В эмиграции Ефим Григорьевич в течение ряда лет с успехом читал лекции в Сорбонне и университетах Германии. В Париже он на русском языке опубликовал свой фундаментальный труд «Анатомия стиха», стал одним из основных редакторов и составителей многотомной «Истории русской литературы» вместе с И.З. Серманом, Ж. Нива и В. Страда. Он подготовил множество изданий классиков русской поэзии от Пушкина до Цветаевой на немецком и французском языках. Активно участвовал вместе с С. Маркишем в издании романа Василия Гроссмана «Жизнь и судьба» и других книг «тамиздата». В сложной конфликтной обстановке парижской эмиграции с постоянными междоусобицами среди отдельных издательских и литературных групп Эткинд, так же как и Виктор Некрасов, приложил немало усилий для нормализации литературной жизни. Его энергии хватало, кажется, на все. Он ухитрялся ездить с лекциями в Америку, планировать издание «Энциклопедии советской цивилизации», писать многочисленные статьи, выступать с обширными докладами на конференциях и писать книги.
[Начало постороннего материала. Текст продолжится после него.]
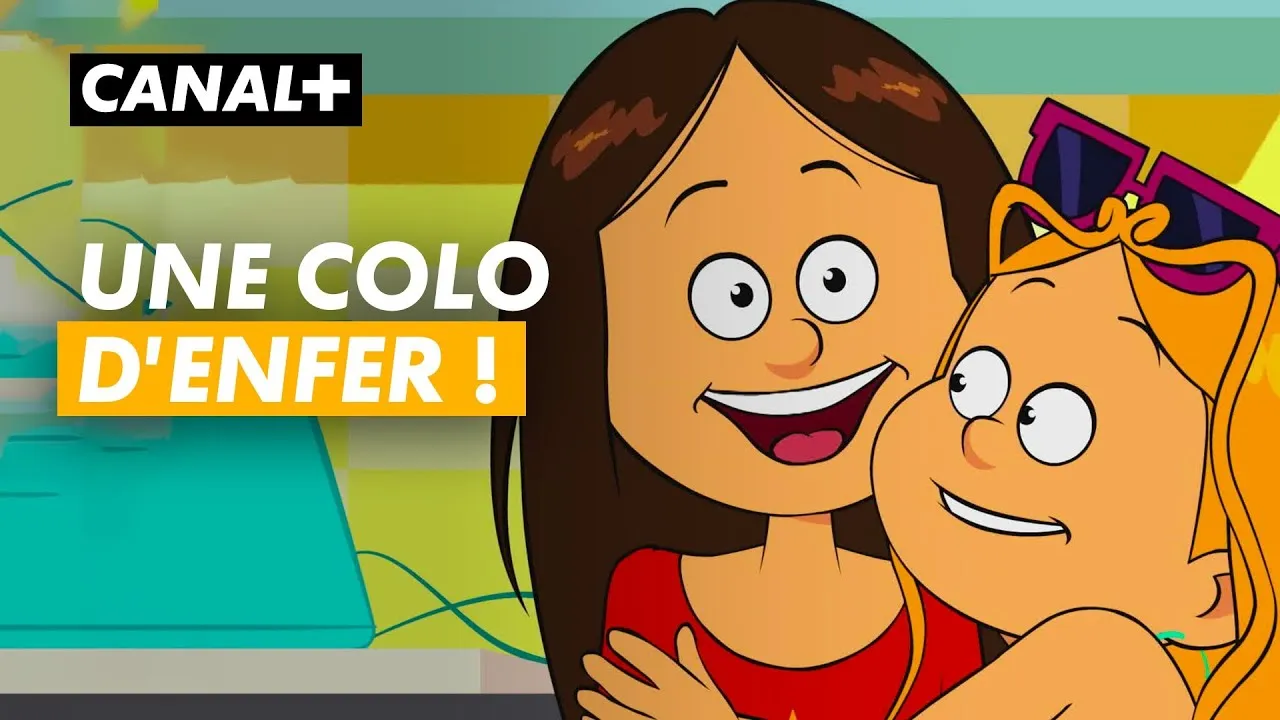 Les Sisters : les épisodes du dessin animé disponibles sur Canal+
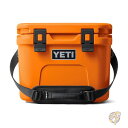 【 先着55名! 2日間限定ゾロ目555円クーポン】YETI イエティ Roadie 15 ハードクーラー ダブルデューティーショルダーストラップ付き クーラー...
В конце жизни он неоднократно приезжал в Россию. Я встретился с ним последний раз в мае 1999 года в Питере, куда он приехал в связи с пушкинским юбилеем. Он был у меня на авторском вечере в Концертном зале у Финляндского вокзала, а на следующее утро я приехал к нему домой в маленькую квартирку в доме неподалеку от площади Мужества. Мы просидели и проговорили весь день до темноты. Через много лет он заставил меня перейти с ним на «ты». Это оказалось менее сложно, чем я предполагал: в свои восемьдесят он казался значительно моложе – та же живость ума, мальчишеская любознательность, азарт в полемике и полное отсутствие занудства и стремления вещать, нередко свойственного классикам ушедшего фронтового поколения. Опасаясь за его здоровье, я по пути к нему деликатно взял небольшую флягу коньяка, и немедленно пришлось бежать за второй.

Говорили о многом: о Глебе Семенове, об Иосифе Бродском, о Льве Копелеве, с которым Эткинда связывала многолетняя дружба, об авторской песне, о поэзии в Питере, о тревогах и надеждах нынешнего дня.